Spanning four continents and six countries, this book introduces “new art landscapes” that fuse architecture, the reuse of found structures, environmentalism, and artistic experimentation. Through words and pictures, readers explore six institutions—Olympic Sculpture Park, Seattle, USA; Raketenstation Hombroich, near Neuss, Germany; Benesse Art Site in Naoshima, Japan; Inhotim, near Belo Horizonte, Brazil; Jardín Botánico, Culiacán, Mexico; and Grand Traiano Art Complex, Grottaferrata, Italy—dedicated to the experience of culture and nature. Integrating vegetation and non-linear sequences of spaces, the sites offer multiple experiences enticing the visitor to circulate between and within buildings.

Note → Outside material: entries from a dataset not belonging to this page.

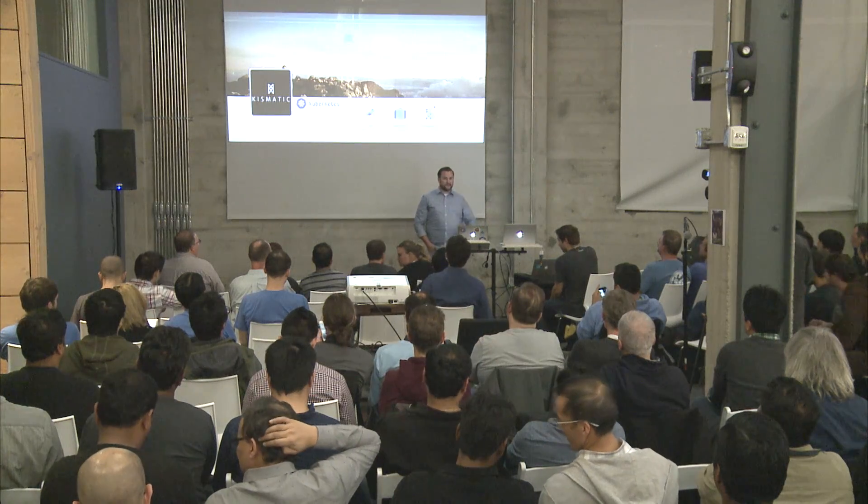I'm Patrick Riley, CEO of Kismatic. We're a new startup focused completely on Kubernetes. We jokingly refer to ourselves as the Kubernetes company that's not Google.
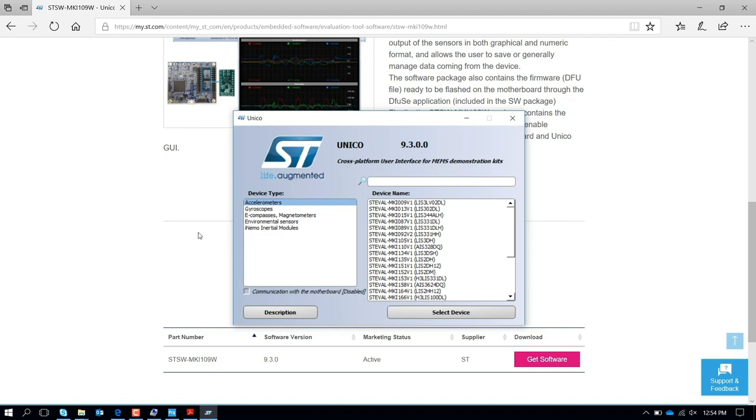For a device like LSM6 DSO or DSOX where you can design the finite state machine and also the machine learning core, this is a suitable tool because, for instance, for the machine learning core you might have the data logging based on your hardware.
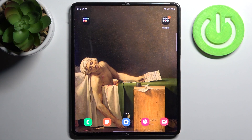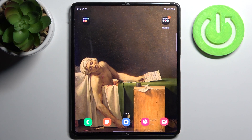Here I have the Samsung Galaxy Z Fold3 5G, and today I'm going to show you how to activate Google Assistant on this device.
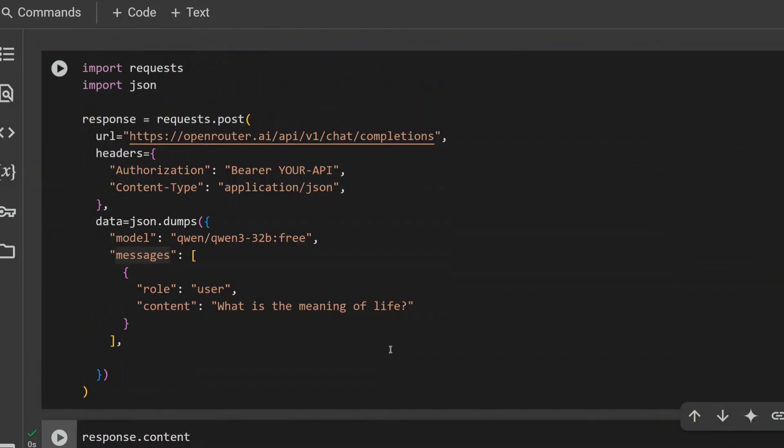The Qwen3 models are great. I'll try to cover the theory part as well and its different features. But for now, six variants: mixture of experts for two, and four are dense models. That means the entire model runs, and the benchmarks are looking crazy. So do create your free API key on OpenRouter and try out the model. Thank you so much.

Iwan Baan, one of today’s most influential architectural photographers, thoughtfully documents each project. In addition to his stunning images, the sites are depicted with architects’ plans and sketches, historical photographs, and maquettes and sketches by key installation artists. Raymund Ryan’s insightful essay discusses important historical precedents and considers the defining characteristics of “new art landscapes” through descriptions of each of the projects. Brian O’Doherty offers an artist’s critical perspective, while Marc Treib situates the projects in the history of landscape design Architects under consideration include such established masters as Tadao Ando and Álvaro Siza Vieira as well as emerging practices such as Tatiana Bilbao and Johnston Marklee.
About the Author
Raymund Ryan is Curator at the Heinz Architectural Center. He is the author of Cool Construction, Michael Maltzan: Alternate Ground, and Gritty Brits: New London Architecture.
“Smart, handsomely illustrated. . . . Raymund Ryan has gathered a visual feast of institutions that illustrate the future of museums.”
— Pittsburgh Post-Gazette
“A look at six art venues around the world that break the mold (with the Olympic Sculpture Park included).”
— Seattle Times
“[Explores] the idea of taking the museum out of doors and weaving art into a natural or constructed landscape.”
“These locations not only offer opportunities for curators, architects, and landscape architects to consider relationships between the various areas of focus, they give artists unconventional venues for creating and displaying art.”
[Represents] a departure from the traditional museum gallery space, as well as from expectations of how a gallery should be experienced.”
"Ryan not only proposes a move away from traditional curation, but a move toward a more democratic museum typology, a model in which architecture, art, and nature hold equal clout in an aesthetic experience. The viewer is encouraged to roam and discover in the Green Maze. And for the museums of the future, a new form may lie at the end of these labyrinths."